“Beginning from the Marginalized Subject”

In her essay “Standing With and Speaking as Faith: A Feminist-Indigenous Approach to Inquiry” Kim Tallbear writes of her scholarly struggle “to share goals and desires while staying engaged in critical conversation and producing new knowledge and insights.” Working through this question, she cites Gautam Bhan’s notion of “continuous and multiple engagements with communities and sites of research rather than a frame of giving back.” A problem with ethnographic research, she suggests, is the ever-present necessity of the goal to “give back” to research subjects. To address this, the author proposes shifting the research process into a relationship-building process with colleagues (instead of subjects) so that data gathering might instead look more like information sharing. Using Harding, she writes that we must create “hypotheses, research questions, methods, and valued outputs, including historical accounts, sociological analyses, and textual interpretations” which “begin from the lives, experiences, and interpretations of marginalized subjects”. For Tallbear, placing ethics and positionality first becomes a methodology for knowledge production.

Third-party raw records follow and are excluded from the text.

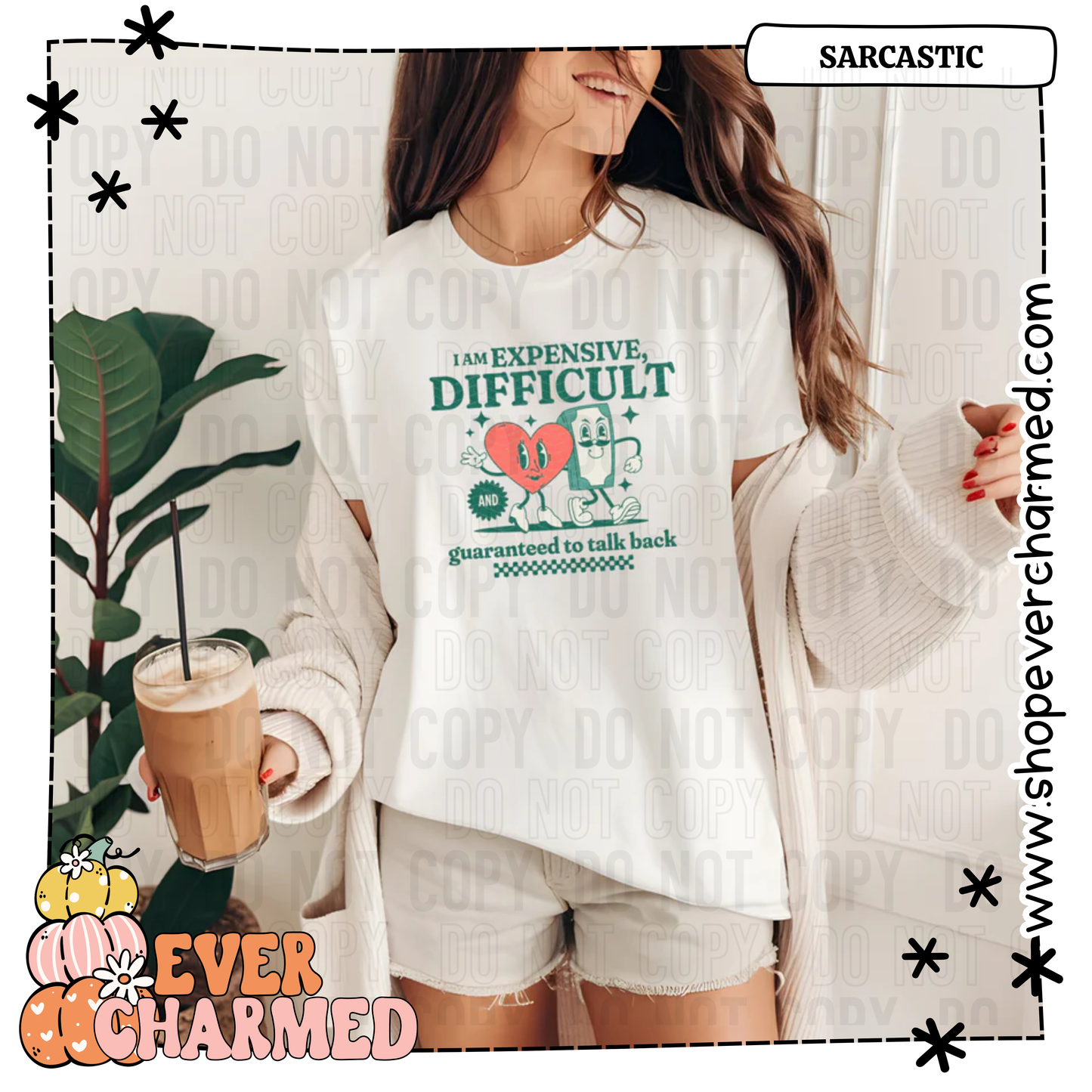 I am Expensive, Difficult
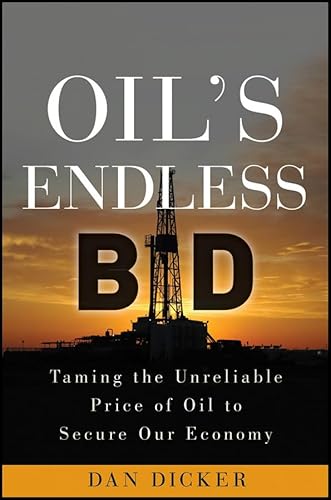 9780470915622: Oil's Endless Bid: Taming the Unreliable Price of Oil to Secure The Economy
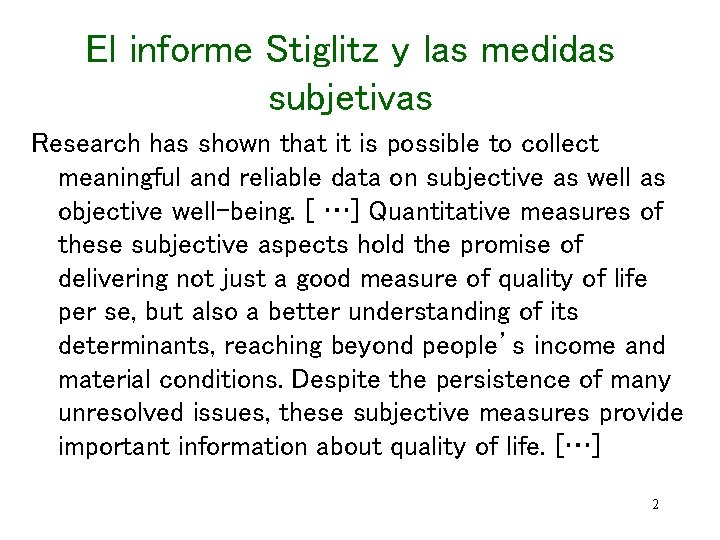 El informe Stiglitz y las medidas subjetivas Research has shown that it is possible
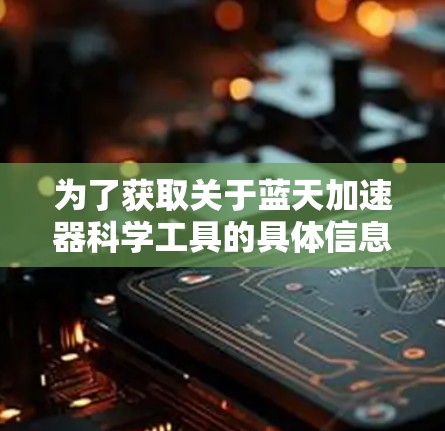 为了获取关于蓝天加速器科学工具的具体信息,建议以下步骤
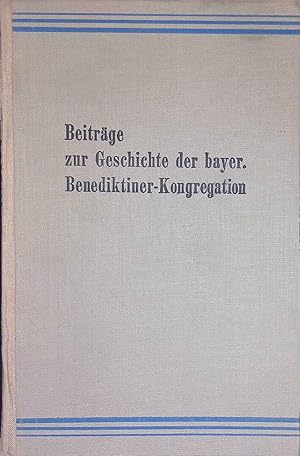 Imagen del vendedor de Beitrge zur Geschichte der bayer. Benediktinerkongregation. Eine Jubilumsschrift 1684-1934. Studien und Mitteilungen, IX. Ergnzungsheft. a la venta por books4less (Versandantiquariat Petra Gros GmbH & Co. KG)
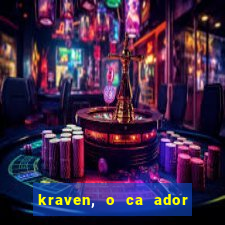 kraven, o ca ador filme completo dublado download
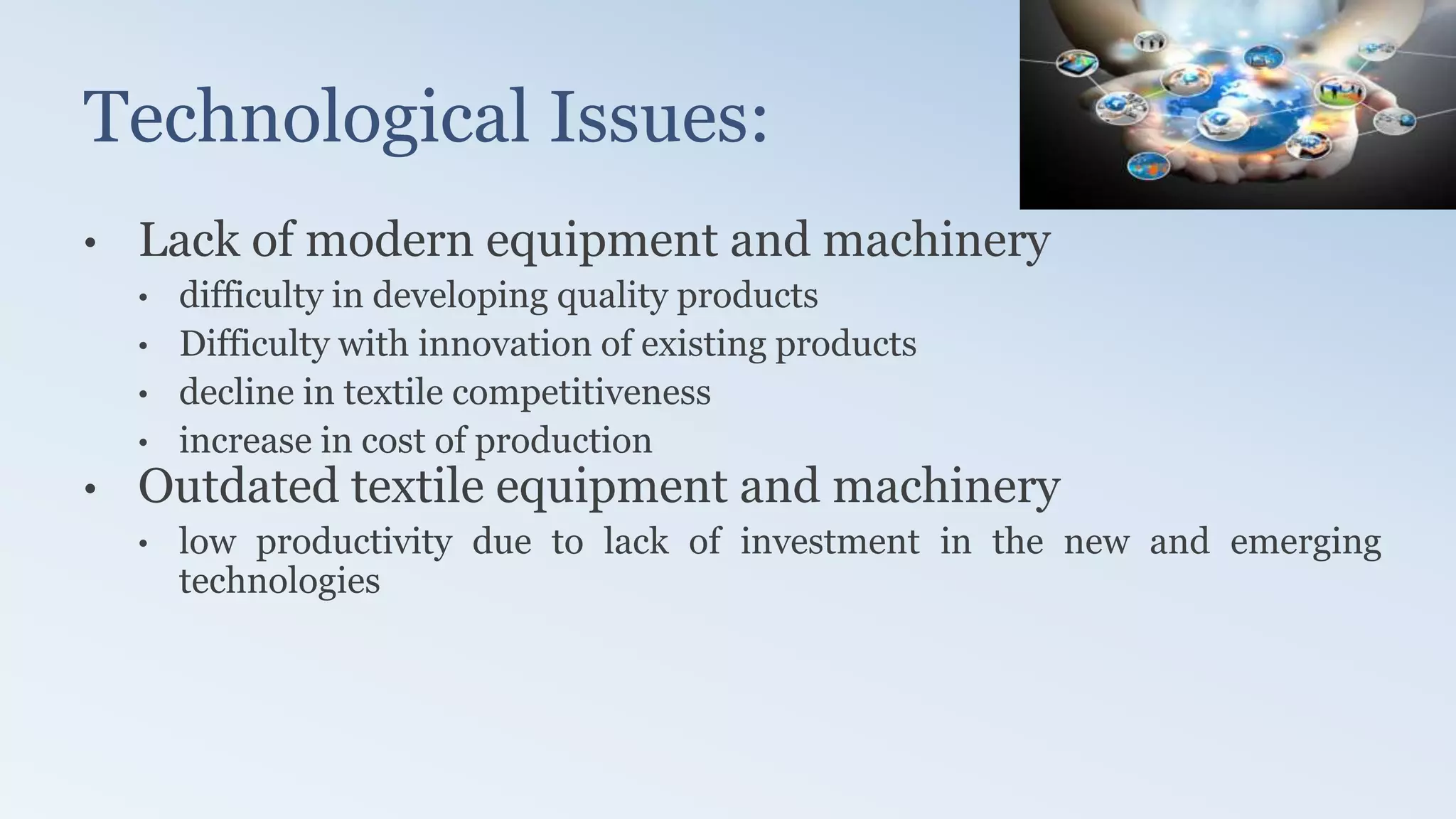 Technological Issues:
• Lack of modern equipment and machinery
• difficulty in developing quality products
• Difficulty with innovation of existing products
• decline in textile competitiveness
• increase in cost of production
• Outdated textile equipment and machinery
• low productivity due to lack of investment in the new and emerging
technologies
 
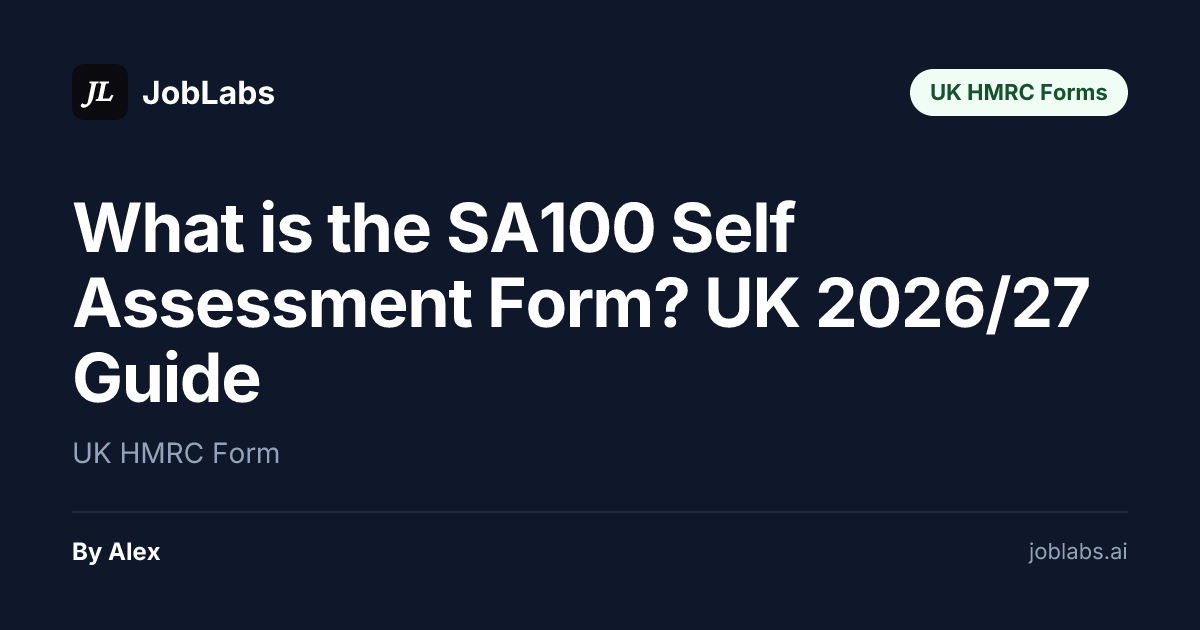 Sa110 What is the SA100 Self Assessment Form? UK 2026/27 Guide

It occurs to me that Michael Rakowitz’ project paraSITES might function well within the terms of Tallbear’s ethical methodologies while also raising some questions for me about the process through which I hope to approach my ‘extratextual’ project. In the late 90s, Rakowitz began constructing lightweight, inflatable living spaces for homeless people. These paraSITES fed on warm air from exterior ventilation ducts on buildings to function as heated habitats for the homeless.


The artist worked with homeless people when creating custom dwelling spaces based on the needs and wants of folks in his local community. He spoke with the homeless, allowing them to craft their own living spaces; letting the project develop from the experience of the subject. Rakowitz aims to provide shelter for his ‘subjects’ by producing custom, warm, cheap, and lightweight sleeping sites.


Although I think the work is important, I wonder about some of the ethical issues that Tallbear brings up. An important part of Tallbear’s methodology is eliminating insider/outsider binaries. But how can an artist or scholar, like Rakowitz or myself, ever begin to legitimately claim insider status within a homeless community. Tallbear’s essay is inspiring on many levels for the ways in which it calls for a more (inter)active researching role and seeks to reposition relations between subject and object. However, I am still left unsure about the ethics of my varying projects in relation to ethnographic studies of homelessness. It seems that mixing Bhan’s call for “continuous and multiple engagements” with subject communities and Tallbear’s proposal to “begin from the lives, experiences, and interpretations of marginalized subjects” might function together as a more accessible method as I approach homelessness in my work.